Rebecca Harding Davis is Born

Rebecca Blaine Harding Davis (1831-1910; born Rebecca Blaine Harding) was an American author and journalist.

She is deemed a pioneer of literary Realism in American literature. Her most important literary work is the novella Life in the Iron Mills published in the April 1861 edition of the Atlantic Monthly. Throughout her lifetime, Harding Davis sought to effect social change for blacks, women, Native Americans, immigrants, and the working class, by intentionally writing about these marginalised groups' plight in the 19th century.

Rebecca Harding Davis was born in 1831 in Washington, Pennsylvania and raised by a mother who loved learning and witing about language and a father compelled with storytelling. Davis learned the love of reading early in her childhood, and "most influential was her reading of Nathaniel Hawthorne, to whom she attributes the commonplace subject matter of her own writing."
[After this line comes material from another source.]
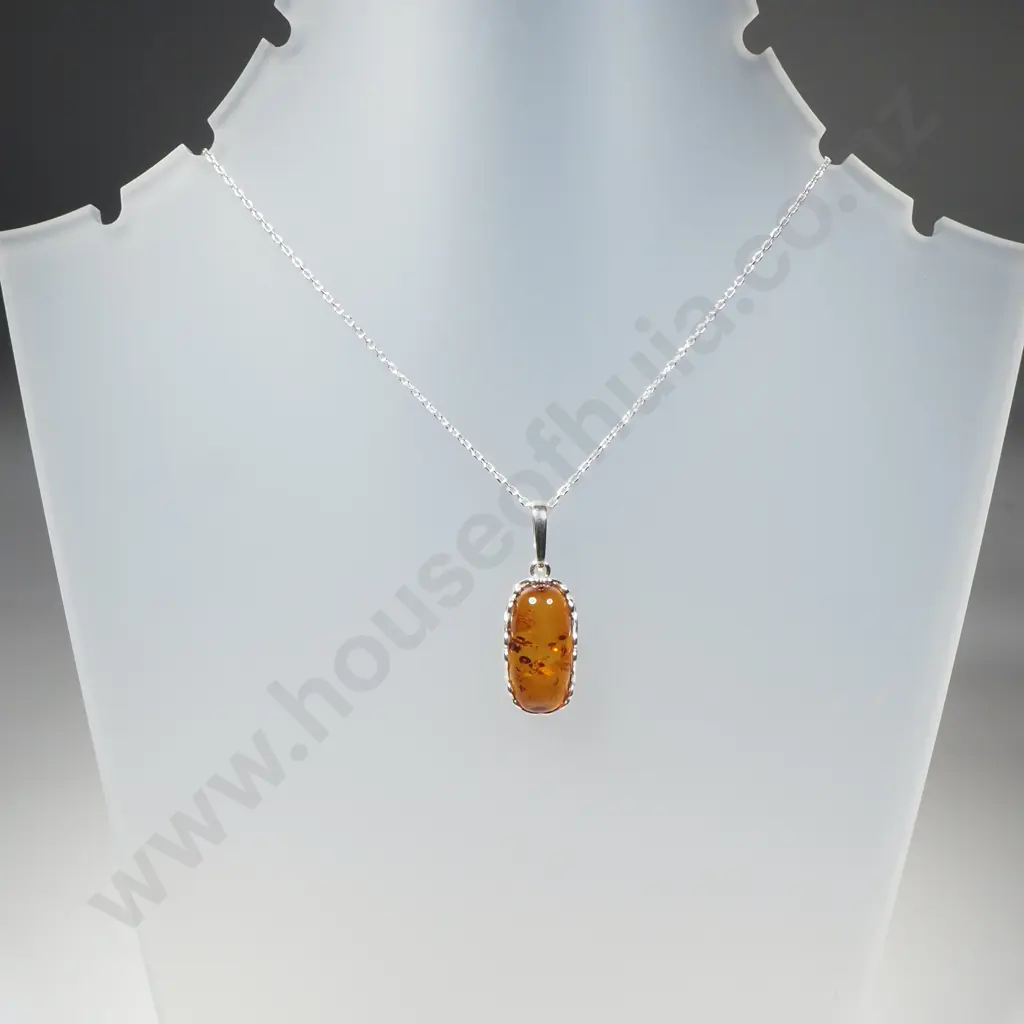 Sterling Silver Baltic Amber Pendant & Sterling Silver Chain Image 1++
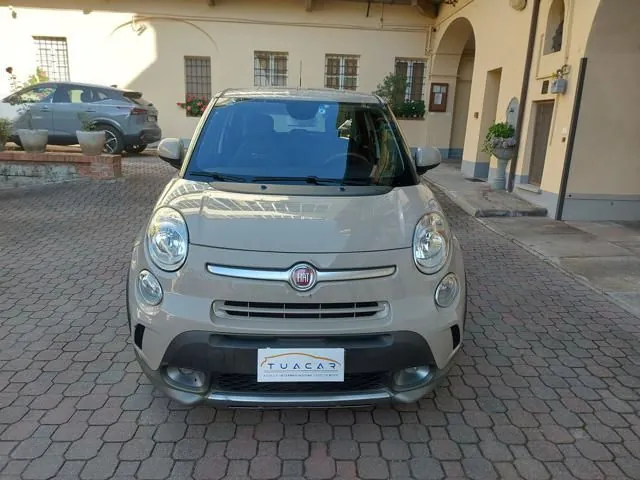 Fiat 500L 2014 photo 2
Rebecca Harding Davis was considered one of the nation's first social historians and pioneering literary artists. She wrote to find social change for blacks, women, immigrants, and the working class throughout the Civil War. She was "one of the first writers to portray the Civil War non-polemically, expose political corruption in the North, and unmask bias in legal constraints on women, Davis's primary contribution to literary history rests in the innovations she introduced into American literature."